Саша: Феномен тем и хорош, что он необъясним. Мы в принципе догадываемся о причинах нашей популярности, но вот так свести все это в единую стройную систему пунктов… Здесь есть элемент чуда, везения и помощи свыше. Трудно во всем разобраться. Конечно, можно говорить: хорошая музыка, тексты, хорошие артисты, красивые ребята – но по всем пунктам можно найти уязвимости. У нас не идеальное творчество, но, видно, все в совокупности приобретает такую форму, которая находит отклик у миллионов.
– Может быть, для девочек-подростков притягателен тот набор образов, которые вы предлагаете им в своих песнях? Они могут и не вникать в их смысл – им достаточно просто вариться в них…
Саша: Во многом так оно и есть. Тяжело поверить, что тринадцатилетние девочки глубоко проникают внутрь песни и понимают, что за идея заложена в ткань произведения. Но даже если на каком-то подсознательном уровне, на уровне сигнальной системы наша музыка и тексты увлекают их, то это уже здорово. Есть шанс, что через пять-шесть лет это эмоциональное восприятие при систематическом осмыслении породит в них серьезное ощущение нашей грандиозности. (Дружный смех)
Глеб: Запишешь это потом!
– Наверное, фанатки доставляют вам кучу проблем…
Андрей: Когда мы переехали жить в пансионат, они как-то вычислили это место и стали там круглосуточно дежурить. В достаточно холодную погоду они ночевали в трансформаторной будке на каких-то матрасах. Местные жители и работники пансионата были просто в шоке.
Глеб: Все телефоны в пансионате оборваны, несколько раз меняли номера. Они прекрасно знают, что у меня маленький ребенок, и при этом звонят в полтретьего ночи, говорят: “Добрый день” и начинают хохотать. Но больше всего проблем у Вадима и Насти. Отношение фанаток к Насте – это вообще тема отдельного разговора.
Вадим: Да, они же считатют нас своей собственностью. Свою неприязнь к Насте они как объясняют? “Настя отняла у нас Вадика…”
– Ну хорошо, обратитесь к ним со страниц нашей газеты. Что бы вы хотели им сказать?
Глеб: Да вот таким бесполезно что-то говорить. Я на вокзальном перроне перед отправлением поезда объясняю им: вы понимаете, что настоящая любовь неотделима от уважения, что вы уже просто-напросто мешаете людям жить? Что же это за любовь у вас? Они извиняются. И вот когда я захожу в вагон и они думают, что я их уже не слышу, до меня вслед доносится: “Ну и сука же ты, Глеб!” Вот такая любовь.

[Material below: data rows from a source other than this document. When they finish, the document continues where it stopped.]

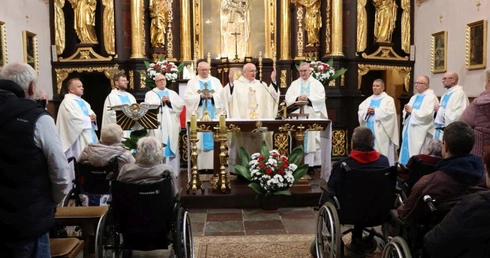 Pragną mieć pokój w sercu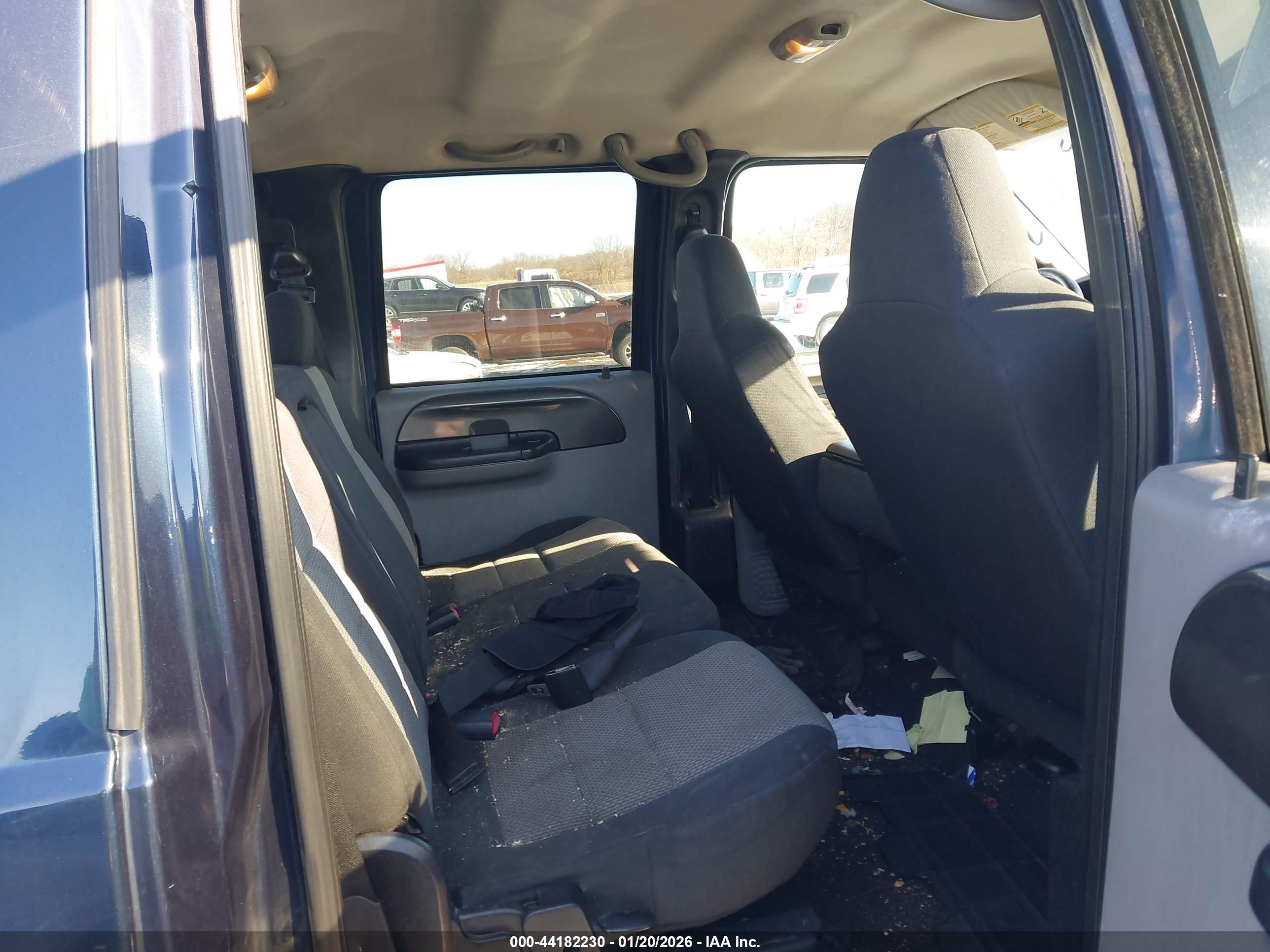 FORD F-250 image 8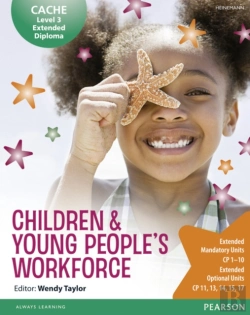 Bertrand.pt - Cache Level 3 Extended Diploma For The Children & Young People'S Workforce Student Book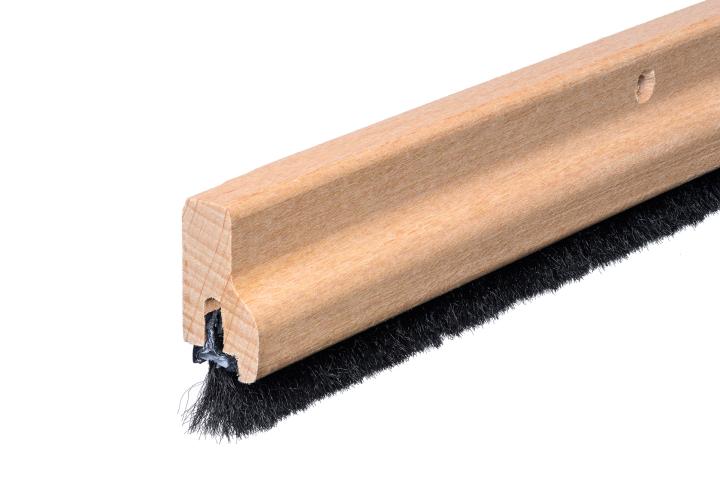 Door bottom seal HDS Authentic Wood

Саша: И взывать к их разуму бесполезно. Это отдельная категория людей, надо просто смириться с их существованием.
Глеб: Их поведение на концертах преследует одну цель – насолить, разозлить нас, вызвать раздражение. Кричат матом, корчат рожи, пальцами тычут. Или совершают какие-то синхронные, заранее спланированные движения, которые, по их задумке, должны вывести нас из себя. Потом извиняются, а в следующий раз все повторяется сначала. Это очень похоже на то, как мальчишки в школе дергают девчонок за косички. Привлечь к себе внимание легче через негативное отношение…
– И все-таки нельзя, наверное, всех чесать под одну гребенку…
Андрей: Конечно, есть такие, кто воспринимает нас на уровне инстинкта, а есть такие, кто достаточно вдумчиво относится к нашему творчеству. Разбирают тексты, ищут какие-то литературные аналоги и т. д. Есть даже одна девушка, которая пишет по нашим текстам дипломную работу. Кажется, по философии.